"""

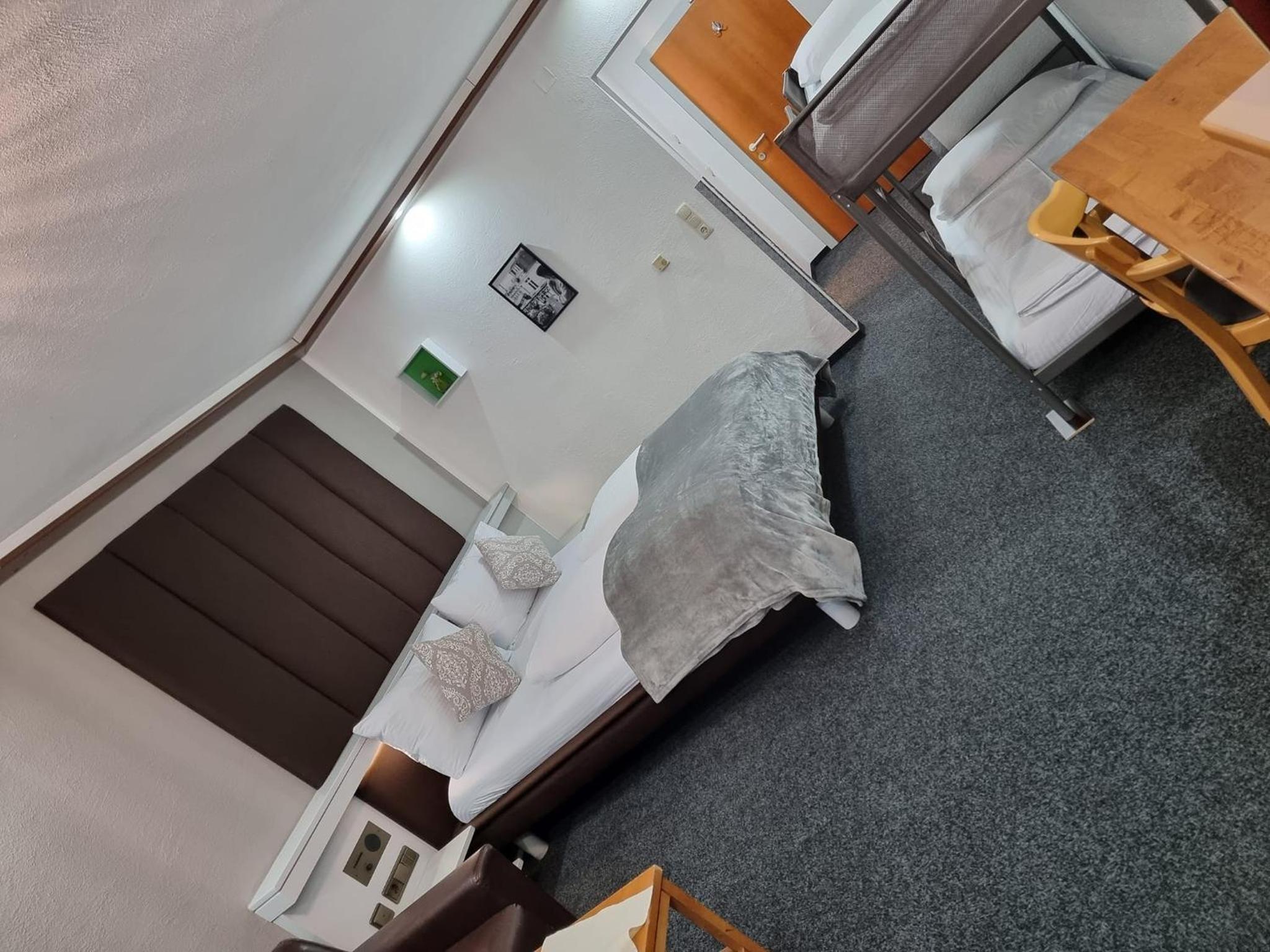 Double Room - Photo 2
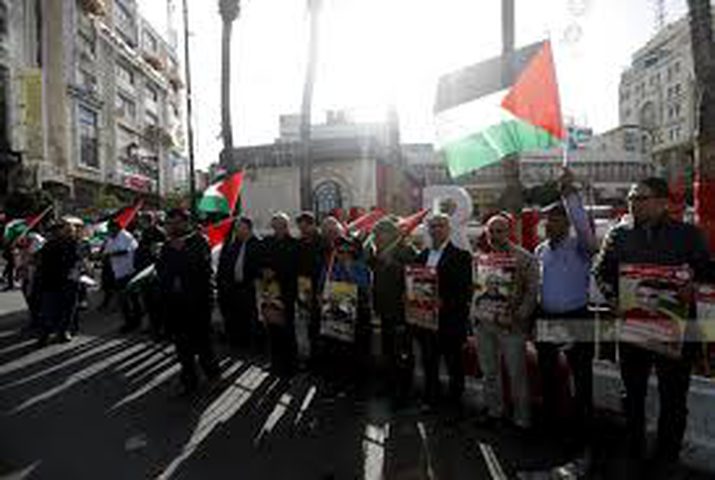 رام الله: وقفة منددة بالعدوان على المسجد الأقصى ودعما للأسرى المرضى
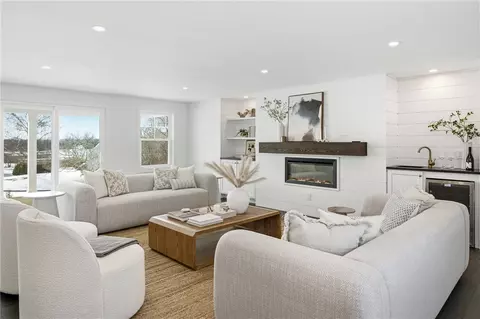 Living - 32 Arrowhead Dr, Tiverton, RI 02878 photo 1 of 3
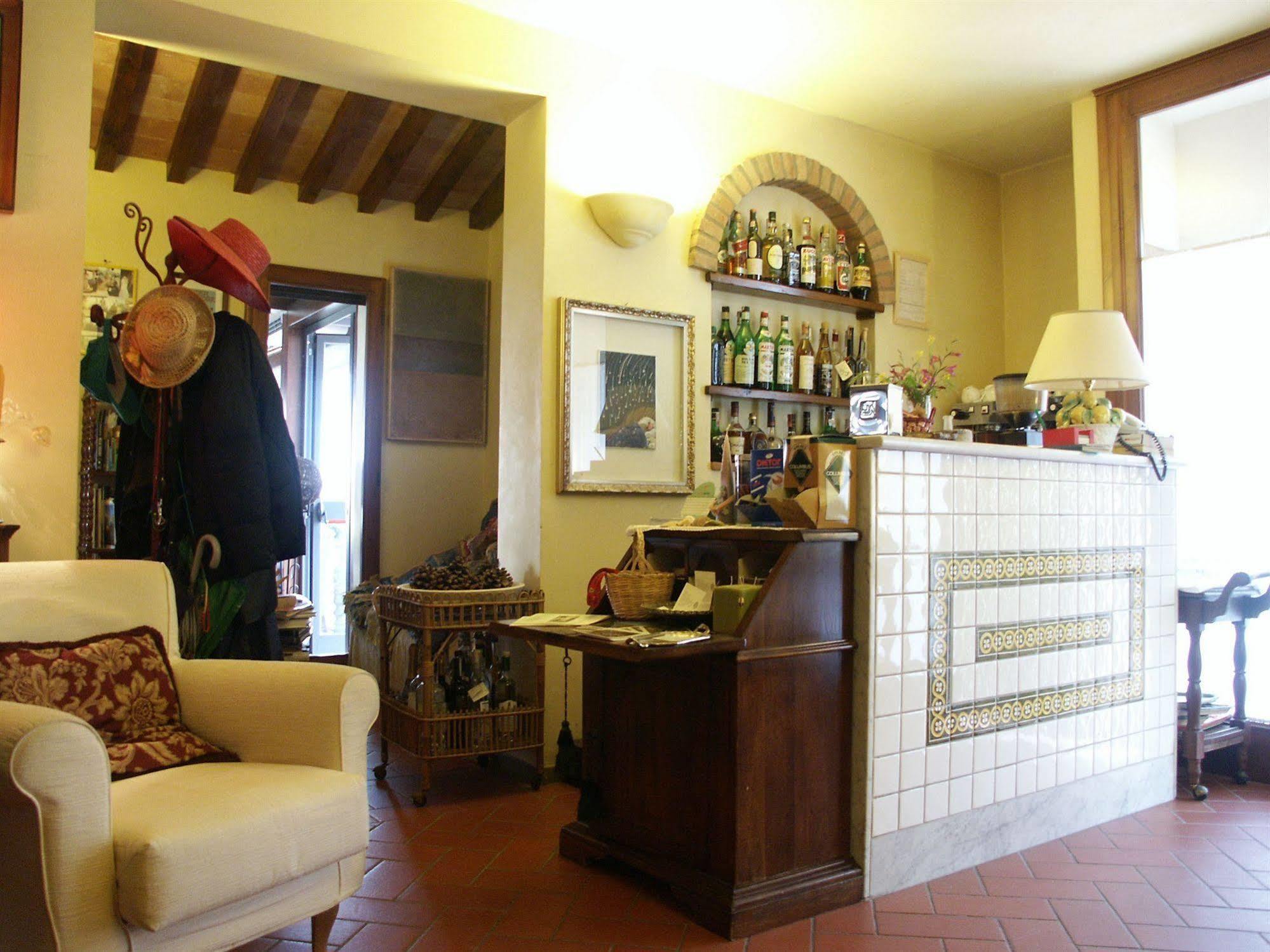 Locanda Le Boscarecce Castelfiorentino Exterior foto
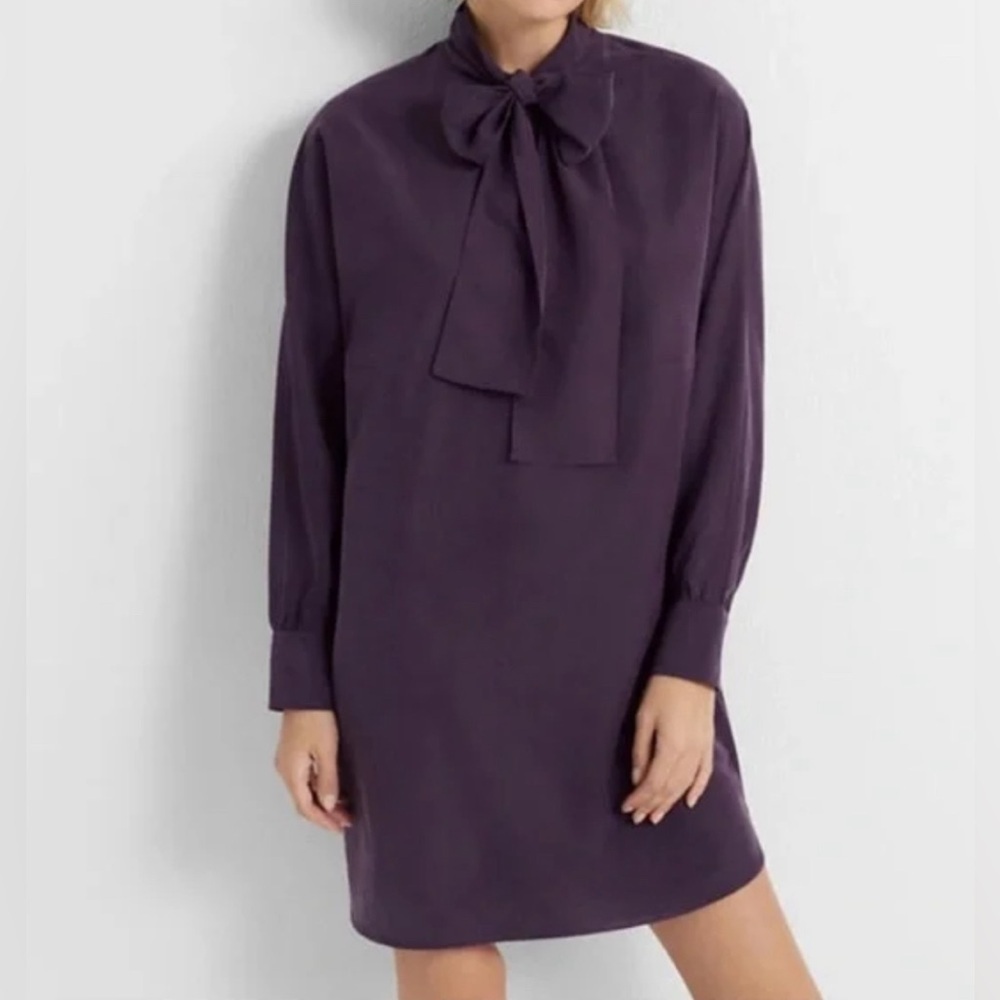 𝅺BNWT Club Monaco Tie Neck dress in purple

"""
"""

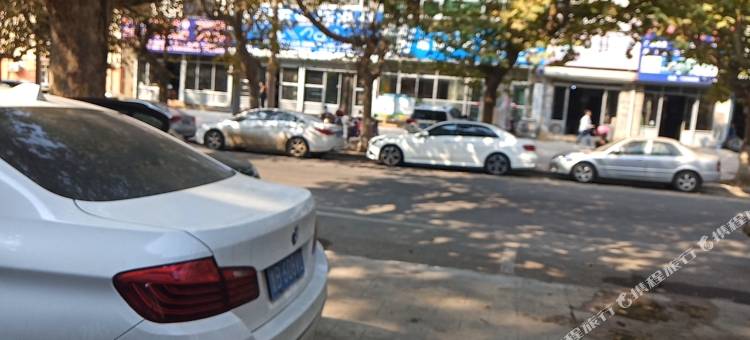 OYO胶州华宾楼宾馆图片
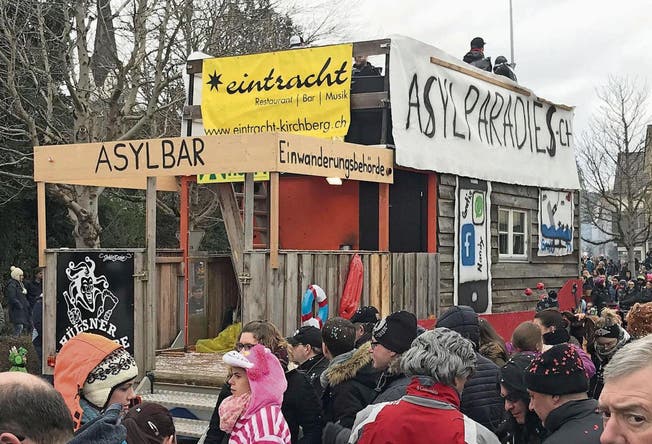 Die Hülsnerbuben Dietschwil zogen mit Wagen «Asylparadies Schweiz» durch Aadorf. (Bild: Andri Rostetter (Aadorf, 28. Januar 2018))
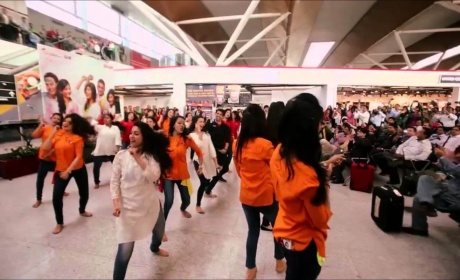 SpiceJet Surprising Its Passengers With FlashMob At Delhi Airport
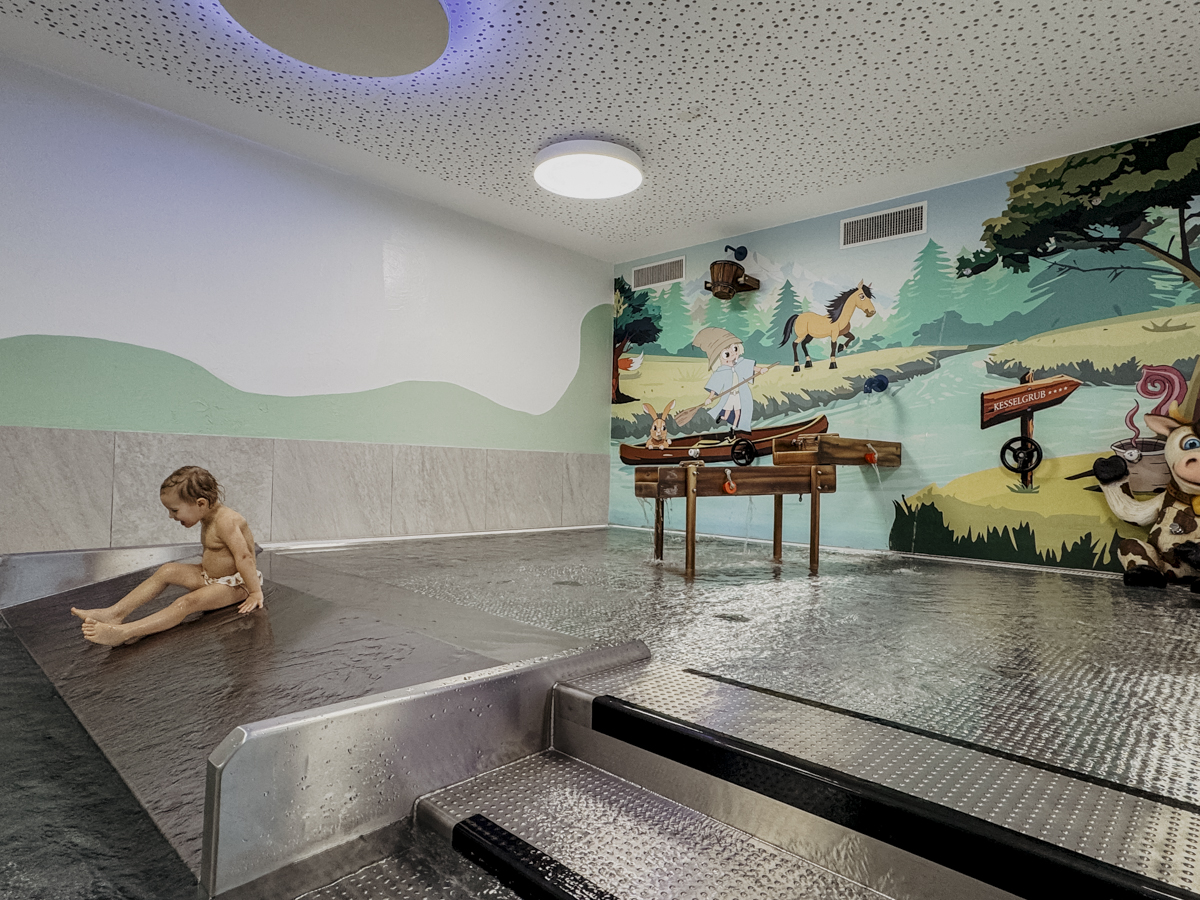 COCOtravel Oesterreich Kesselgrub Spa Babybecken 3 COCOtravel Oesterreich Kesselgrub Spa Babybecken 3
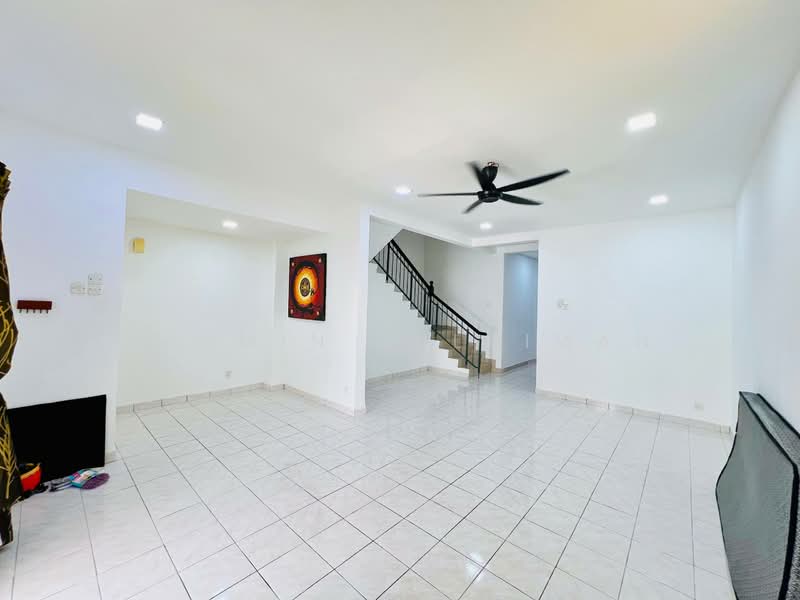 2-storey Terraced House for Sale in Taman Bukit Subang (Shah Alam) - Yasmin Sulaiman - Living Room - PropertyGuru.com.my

"""

EXERCISE PROMPT: Set down again, word for word, every line from the one with "OYO胶州华宾楼宾馆图片" to the one with "2-storey Terraced House" in the entries above, and omit the pictures.

RESULT FOR THIS EXERCISE:
 OYO胶州华宾楼宾馆图片
 Die Hülsnerbuben Dietschwil zogen mit Wagen «Asylparadies Schweiz» durch Aadorf. (Bild: Andri Rostetter (Aadorf, 28. Januar 2018))
 SpiceJet Surprising Its Passengers With FlashMob At Delhi Airport
 COCOtravel Oesterreich Kesselgrub Spa Babybecken 3 COCOtravel Oesterreich Kesselgrub Spa Babybecken 3
 2-storey Terraced House for Sale in Taman Bukit Subang (Shah Alam) - Yasmin Sulaiman - Living Room - PropertyGuru.com.my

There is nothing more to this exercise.